On Autumn and the Unsayable,

Hints from the Publisher on Your Anthology Submissions

In writing inspired by the autumnal (in all of its exterior and interior manifestations), there’s a world of difference between trying to capture the unsayable through mere description (or indulgence in plangent abstractions) and forging a bodily connection with what originally brought us into the moment of the poem.

The same goes for simply “describing” what we see. If poetry merely took on the role of description, we’d all be writing catalog copy. Move beyond descriptions of milkweed or falling leaves. Move beyond the notion that the “autumnal” is about foliage or plummeting temperatures. Sure, autumn can be found in things and in ideas, but those are only surface layers.

We want readers to feel something unaccountable. How might that happen? As ever, poems take root in the soil of mystery. From that beginning, the success of a poem is all about the choices we make, and the risks we take in making them.  We form our world out of what we choose to see. So much the better if those choices arise out of our unconscious selves, leaving the rational, waking self behind, as we do in dreams.

Remembering that the poem’s suspended moment (“a momentary stay against confusion” – Frost) is a threshold between disorder and order can tell us a lot about poetry and about ourselves.

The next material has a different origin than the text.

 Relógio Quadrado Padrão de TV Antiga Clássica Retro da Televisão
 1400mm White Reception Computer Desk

The dictionary definition of threshold is “the sill of a doorway,” “the entrance to a house our building” and, in psychology and physiology, “the point where a stimulus is of sufficient intensity to produce an effect.” That effect embodies a sudden awareness of the disorder—that moment when we and our poem feel destabilized—and the imagination’s response to it.

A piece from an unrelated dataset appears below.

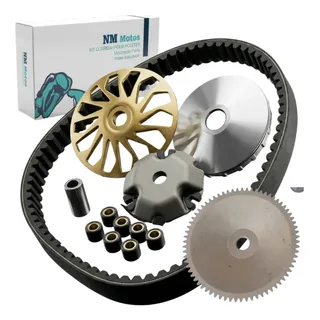 Kit Polia + Correia Transmissão Honda Elite 125 2019 Diante Prateado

It can be helpful to go directly to the most physical manifestations. Imagine the doorsill as both entrance and exit to a house. A threshold, then, a place of transition. That liminal location where a person—or a poet—might pause to give form to the inner. According to Marie Howe, poetry is “a cup of language to hold what can’t be said . . . Every poem holds the unspeakable inside it. The unsayable.” What can’t be said. That’s what we are compelled to write, and how we are compelled to write it.

In other words, the work of the poem is to help us come to know something beyond what we already know. Not to teach the reader, but to discover something for ourselves as poets. “Language is a skin. I rub my language against the other. It is as if I had words instead of fingers, or fingers at the tip of my words.” (Roland Barthes, A Lover’s Discourse).

Let your language be your skin. Let your language rub up against any part or parts of the autumnal world that calls to you, whether from the outside in, or the inside out.

In other words, your autumn poems need not be about, or even mention fallen leaves or milkweed or even “autumn.” Autumn is the inspiration, but not necessarily the destination.